What you need depends on the node type.

Figures marked (inferred)

Items marked (inferred) come from the node's code and defaults, not published specs — treat them as guidance, not a guarantee.

Local inference node

Scales with the model you pick — the CLI wizard filters the catalog to what your free memory holds.

Runtime: Node.js ≥ 20.
OS / arch: macOS (Apple Silicon or Intel), Linux x64, Windows x64.
CPU: 2 cores minimum; throughput scales with core count.
Memory (inferred): ~8 GB for 7B on CPU, ~16 GB VRAM for 14B on a discrete GPU, ~32 GB unified for 14B on Apple Silicon, ~24 GB CUDA or ~64 GB Apple Silicon for 70B-class.
GPU: optional — Metal, CUDA, and ROCm auto-detect; CPU-only works but is slow.
Disk: 3–50 GB free per GGUF model.
Network: always-on outbound WSS to the gateway; outbound HTTPS for the model catalog.
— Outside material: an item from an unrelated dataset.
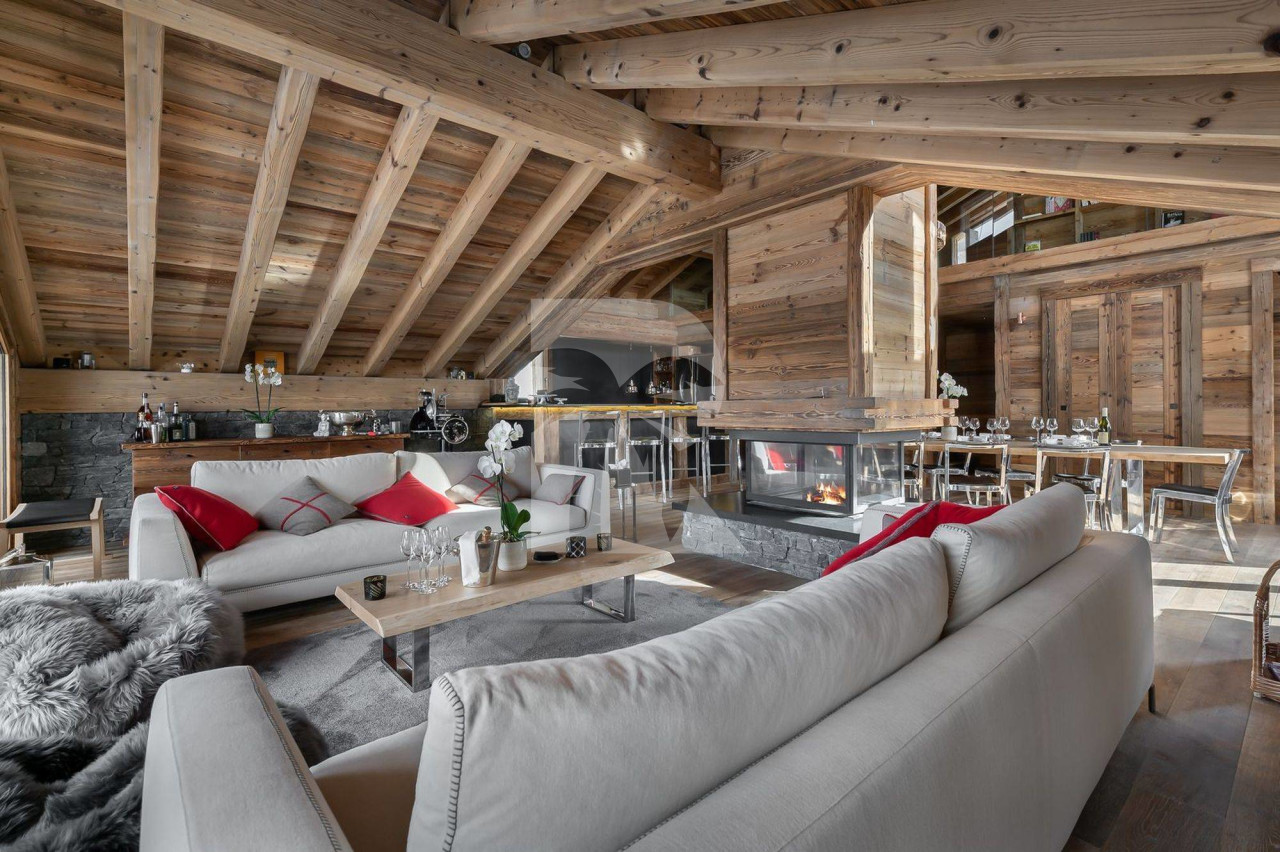 villa in St Martin de Belleville : Rent this modern and luxurious catered chalet with a lovely spa area in St Martin de Belleville. - Photo 3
No weights — the work is outbound API calls, so it stays light.

Runtime: a single Rust binary (no Python, CUDA, or llama.cpp), shipped as a slim debian:bookworm-slim image (tens of MB).
OS: anywhere Docker runs — Fly.io, Railway, Render, a VPS, Kubernetes.
CPU / GPU: minimal CPU, no GPU.
RAM (inferred): ~100–200 MB resident.
Disk: ~1 GB volume for identity and state.
Network: outbound WSS to the gateway and HTTPS to the provider; no inbound ports.
Provider credentials: the provider API key is read from an environment variable at serve time — never logged.
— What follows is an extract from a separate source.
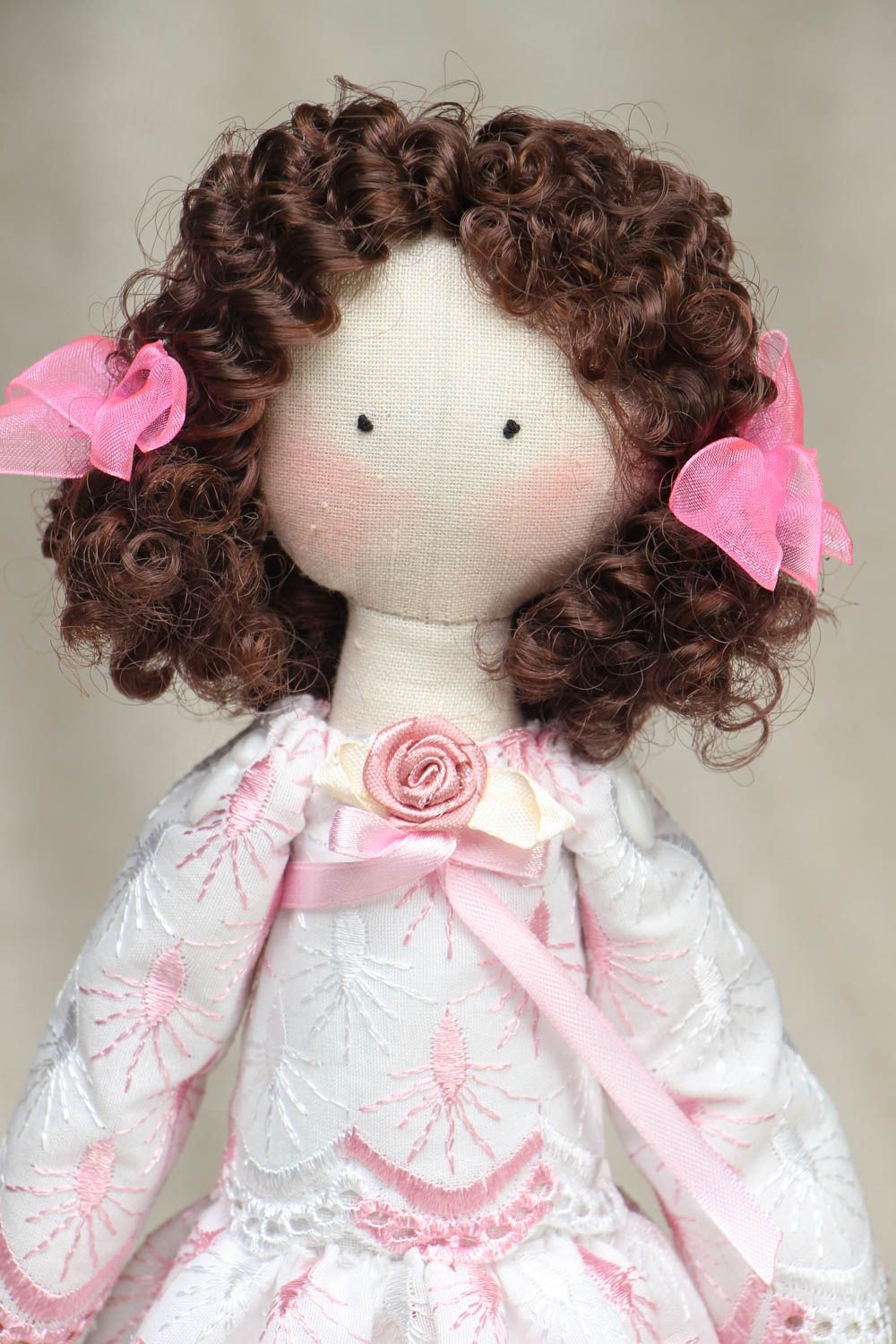 Тканевая кукла в кружевном платье с сердечком фото 2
Persistent identity: the device identity under ~/.venna/ (a mounted volume under Docker) must survive restarts; losing it forfeits earnings attribution.
Connectivity: a persistent outbound connection with reconnect backoff. A mid-stream disconnect ends that job incomplete.
Account: an operator account to pair against via the RFC 8628 device flow.